= Sarpler =

British weight for wool

Sarpler, Sarplier or (in Scotland) Serplathe was a UK weight for wool.

== Definitions ==
The Oxford English Dictionary defines a sarpler as 80 tods, where a tod is usually 28lbs thus usually 80 x 28 lbs, or 160 stone, = 2240 lbs

Another definition, half the quantity, is given by Cowell's 1607 book (fourscore=80, 80 stone = 80 x 14lbs = 1120 lbs:

Sarpler is a quantitie of woll.
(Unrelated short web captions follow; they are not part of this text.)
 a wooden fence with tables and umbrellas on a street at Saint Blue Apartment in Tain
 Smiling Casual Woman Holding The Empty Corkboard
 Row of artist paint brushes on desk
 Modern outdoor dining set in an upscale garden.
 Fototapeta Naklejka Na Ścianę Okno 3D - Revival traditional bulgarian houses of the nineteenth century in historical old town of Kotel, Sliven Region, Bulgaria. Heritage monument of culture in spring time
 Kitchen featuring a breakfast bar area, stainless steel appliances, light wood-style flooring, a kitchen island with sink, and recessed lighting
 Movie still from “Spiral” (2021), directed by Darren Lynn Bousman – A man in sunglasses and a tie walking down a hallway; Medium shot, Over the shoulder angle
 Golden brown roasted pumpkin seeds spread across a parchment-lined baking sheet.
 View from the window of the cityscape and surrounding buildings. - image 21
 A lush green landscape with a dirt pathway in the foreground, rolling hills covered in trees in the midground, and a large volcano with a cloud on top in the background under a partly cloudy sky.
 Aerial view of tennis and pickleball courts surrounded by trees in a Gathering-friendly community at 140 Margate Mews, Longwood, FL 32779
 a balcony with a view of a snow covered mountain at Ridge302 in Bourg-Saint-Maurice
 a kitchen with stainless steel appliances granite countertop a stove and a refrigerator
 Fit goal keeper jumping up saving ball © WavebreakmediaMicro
This in Scotland is called Serplathe, and conteineth fourscore stone ...

A different and apparently arithmetically confused definition is given in The Life and Works of Arthur Hall of Grantham, where he states:

In a sarpler of wool is thre sacks, in everye sacke 26 stone at 14 pounde the stone, whiche makes 264 lbs., so as there is in a sarpler of wool 78 stone and 792 lbs.

The compendium Sizes Inc offers a range of inconsistent historic definitions, most of which agree that the term had gone out of use, but suggests that:

In the late 19th century, the sarpler begins to be defined as a long ton (2240 pounds of wool). This value may also be an error, in this case arising from a mistaken substitution of the tod for the stone.